Sounds like you first need to be truthful to yourself on what you want...the married life or the single life.... you cannot have both.
You need to know who you truly are, and where you are truly the happiest. Becasue at the end...it is you who will be in that place and YOU will be the only one there when things don't work out.

Bottom line is that you need to really think things through and make the right decision based on yourself, who you are and what you want in life.... we cannot find happiness if we do not follow what is right in our hearts.... Good Luck!


----------



## Lady003 (Sep 3, 2008)

i'm not sure what i want really tbh. I remember how life was like when i was single and i wasnt happy. My personality and attitude has changed since i've been married though and it seems that i am more confident. I like the stability of marriage, but i think it may be the commitment part that scares me. Before i got married the longest relationship i had was only a couple months and here i've been married 3 years. I think i may be fearful of commitment in some fashion. idk. I love my husband, but idk if i'm completely "in love" with him as i once used to be. 

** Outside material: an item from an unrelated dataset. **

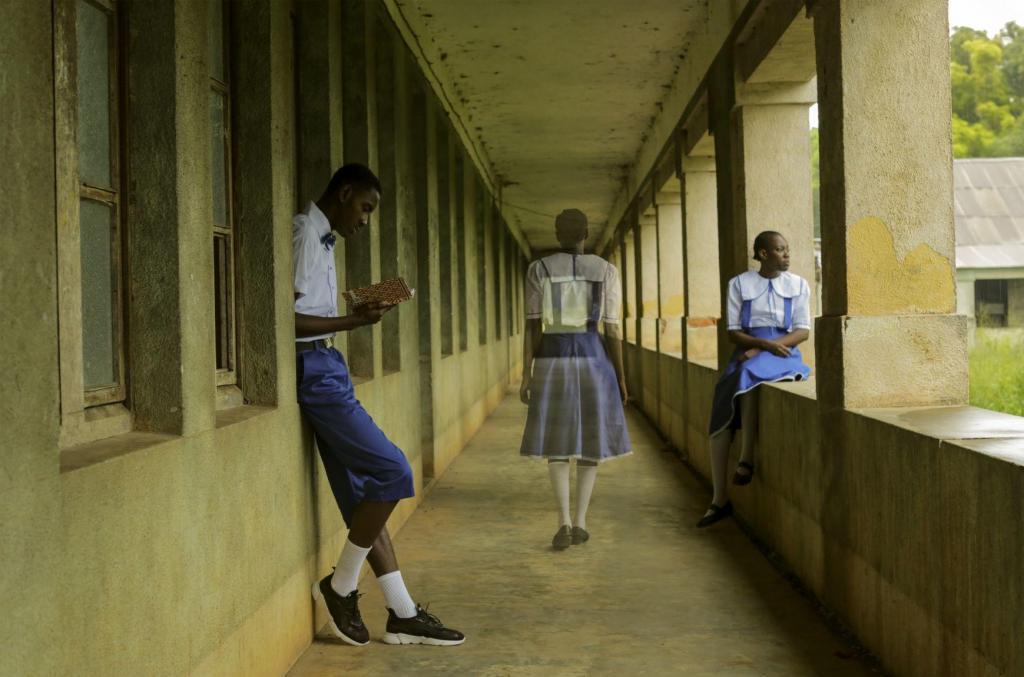 Imaginary Trip II Gosette Lubondo © musée du quai Branly - Jacques Chirac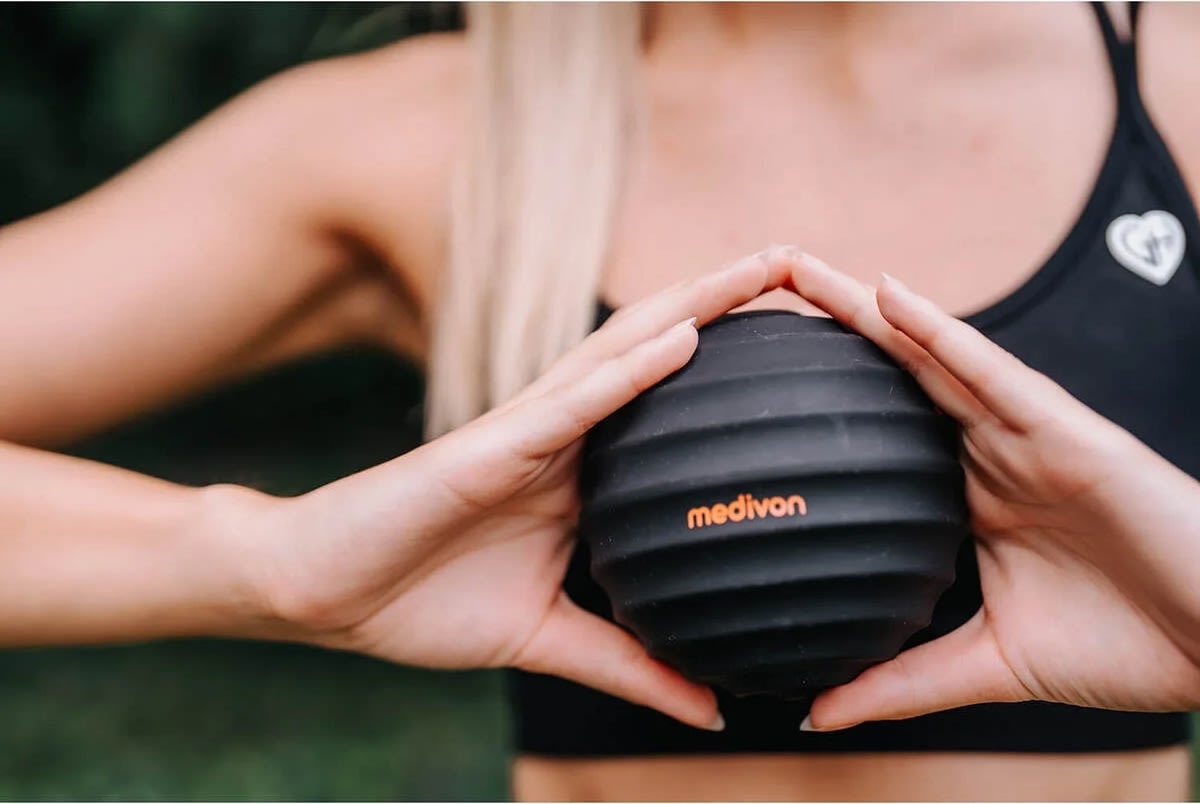 Medivon foam body roller "RecoRoll Solo"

I think i do need some time to figure things out, it's just hard to find that when i'm always with my husband taking care of our daughter or working. I thought of getting away and staying with friends for awhile until i could clear my head and realize what i'm wanting, but i don't want to leave my daughter. I think that's the biggest part that keeps me home.


----------



## MarkTwain (Aug 1, 2008)

Jesus said, "I would rather you were hot or cold, but not lukewarm"!


----------



## Lady003 (Sep 3, 2008)

well my husband and i talked it out tonight, let the grandparents babysit and just took time to communicate. It was needed and i think it helped to a degree. We both agree that the passion in our relationship is lacking. Although this isn't a new conversation, it has come up before. So i wouldnt be too surprised if nothing gets fixed, but i figure this is the last time i want to have that conversation. it gets old and repeated. Same things over and over. I'm willing to see if this time things are different and i'm hoping that they get better.


----------



## MarkTwain (Aug 1, 2008)

You don't really sound like you have made up your mind one way or the other to me. You either take the bull by the horns, or...

But you seem to be waiting for "manor from heaven".


----------